Around 1600 plates were found featuring patterns for napkins and tablecloths from hotels, cafes, clubs, societies, airlines and restaurants around the world including names such Raffles of Singapore, the Waldorf Astoria, the White Star Line and the Ritz London.

The William Liddell & Company mill in Donaghcloney was opened in 1866 by William Nicholson Liddell and quickly became one of the largest jacquard weaving company in Ireland; even famously supplying the tablecloths of the RMS Titanic back in 1912.

In 1973, the William Liddell Company merged with William Ewart & Sons and became Ewart Liddell, ending one of the largest rivalries in linen trade history. During the 1980’s, the brand’s linens could be found in luxury department stores such as Harrods, House of Fraser and even Bloomingdales in the US.
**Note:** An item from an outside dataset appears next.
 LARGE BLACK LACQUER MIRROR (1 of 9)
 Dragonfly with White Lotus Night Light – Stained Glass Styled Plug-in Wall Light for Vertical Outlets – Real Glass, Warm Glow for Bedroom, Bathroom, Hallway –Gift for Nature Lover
Jim McGreevy of National Lottery Heritage Fund, Anthea McWilliams, Northern Ireland Linen Biennale and Trish Belford with a sample of new fabric design

Trish and her team carried out a series of roadshows in the Ulster Folk and Transport Museum, Lisburn Library and Donaghcloney Orange Hall in order to hear the stories and see the artefacts collected by those who worked and lived in the area at the time.

A number of books have also been created to coincide with the project documenting just a few of the designs amongst the plates, which show the various uses and prestigious customers the linen company had and showcase the plate designs.

These have been funded by the current reincarnation of the William Liddell Company; Vision Support Services, now a global supplier and distributor of specialist, luxury and performance textiles to some of the most famous names in the global hospitality market and who still carry the Liddell name, though now in the form of its luxury linen brand as opposed to an operating company.